Monday, July 30, 2012

Rise of the Dragon Runner


Rise of the Dragon Runner and the Beginning of Phase III
            Accounting for the last seventeen days, the work out has developed beyond the daily grind.  First of all, the first eight days were run in temperatures 89 – 98 degrees F (32 -37 C).  Even so, I was able to run a full three miles on each of those days.  The hard part to believe is that I didn’t lose any appreciable pace.  All of the runs came in just seconds under the 10 min/mile pace.  Now this seems disappointing, but it’s encouraging for a couple of good reasons.  First, a recognizable pace is always a sign of strengthening muscles and the will is solidifying.  Secondly, I still weigh around 200 pounds, so it would be unreasonable to expect any form of the old bounce with so much weight on.  Thinking of it in reverse, what would have happened when I was training at 7:30/ mile over 10-12 mile distances if I had strapped on forty or fifty pounds of dead weight?  I feel pretty good about where I’m at.
            The next nine days have had good surprises.  None of the runs were less than three miles, and none were any slower, but two of the runs came in under 9:20 per mile.  These were both on days over ninety degrees (Dragon Runner), and they weren’t difficult.  Sometimes the track has competition on it, and seeing a lean young runner half my age or less going around only a little faster than me perks up my drive appreciably.  Early spring two years ago I was starting out around twelve minute miles, so considering the fact that I’m not trying to run faster, it’s another area I have reason to be thankful for.  On top of all that, four days ago I felt good near the end of my run, so I added a full mile in one shot!  I had been adding one or two laps to get up to three miles.  As if that weren’t good enough news, this weekend was a bit cooler (mid 80’s F), and I felt so good, I ran a pair of five mile runs, just like that, without wearing in the four mile distance.  Not only that, but both the four mile run, and both five mile runs were within seconds of the same sub-ten minute pace, proving that it really is a developed pace.  I couldn’t be happier!  (Not to even mention the fact that the last three runs were with a broken toe)

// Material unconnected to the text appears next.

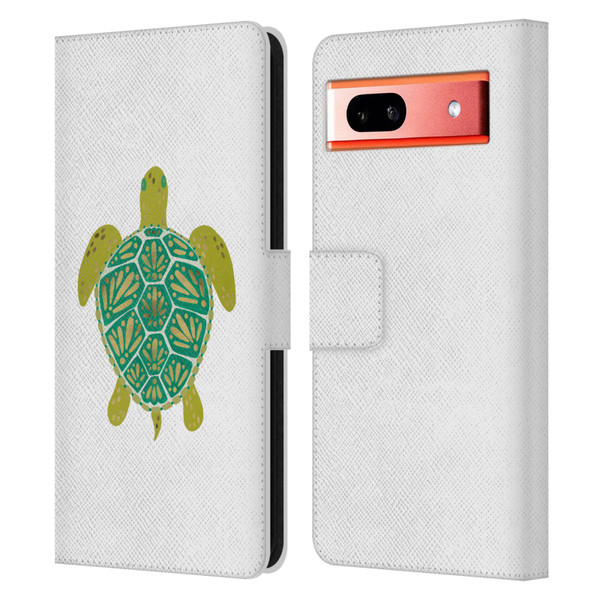 Cat Coquillette Sea Turtle Green Leather Book Wallet Case Cover For Google Pixel 7a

            This all means that Phase III begins now.  Recall that Phase I is the level at which any distance run is a success, no matter how small, because it’s done in painful little pieces at a poor rate.  Phase II was where a standard run developed and a pace emerged.  Remember, that the sub-10 minutes won’t impress anyone, but when every single three mile run comes in within thirty seconds of every other run, it’s a real, live pace.  The value is that it’s not such a plodding, weighted down feeling.  The faster the run, the sooner it’s done, and when a pace emerges, it’s the result of increasing muscle tone which is more comfortable.  At this point, it’s easier to run faster than it is to run slower.  Finally, Phase III produces longer runs than the standard minimum, which I take to be three miles.  This means there is no day, with no conditions under which I can’t run three miles at my current standard pace.  So, the work outs from now on will have to come under a real program with some logic.  For example, the Saturday run should become the long, easy run for maximum distance, and Sundays should be some sort of resting run, perhaps the standard minimum.  At any rate, it’s time to star charting daily progress and reflecting on useful observations about diet and such.
Times                           11:00 am – 5:00 pm
Temps                          82 – 98 F  (28 – 37 C)
Conditions                  Sunny, humid (only three days of cloudy)
Runs                            14x 3.0 ; 1x 4.0; 2x 5.0 miles   (total 56 miles)
Rates                           2x sub 9:20 ; 13x 10:00 ; 2x 10:20
Weight                                    195 lbs (movement at last!)
Injury Threats              broken little toe on right foot (ignore)
                                    losing toe nail on middle toe of right foot (ignore)
                                    tight hamstring (right) after four miles (why after four miles?)
                                    stiff left heel, but not during running, mostly after waking up
Alerts                          I read that it is wrong thinking to have aspirin or NSAIDs in the body
                                    during long runs, as they mess with the kidneys.  Must take my man-spirin
                                    either early or late, but not just before
Odd                             I also read that more runners have suffered from too much water
 (hyponatremia) than too little water (dehydration).  Odd, but once again
good sense wins out; the advice is to drink to thirst, not to schedule.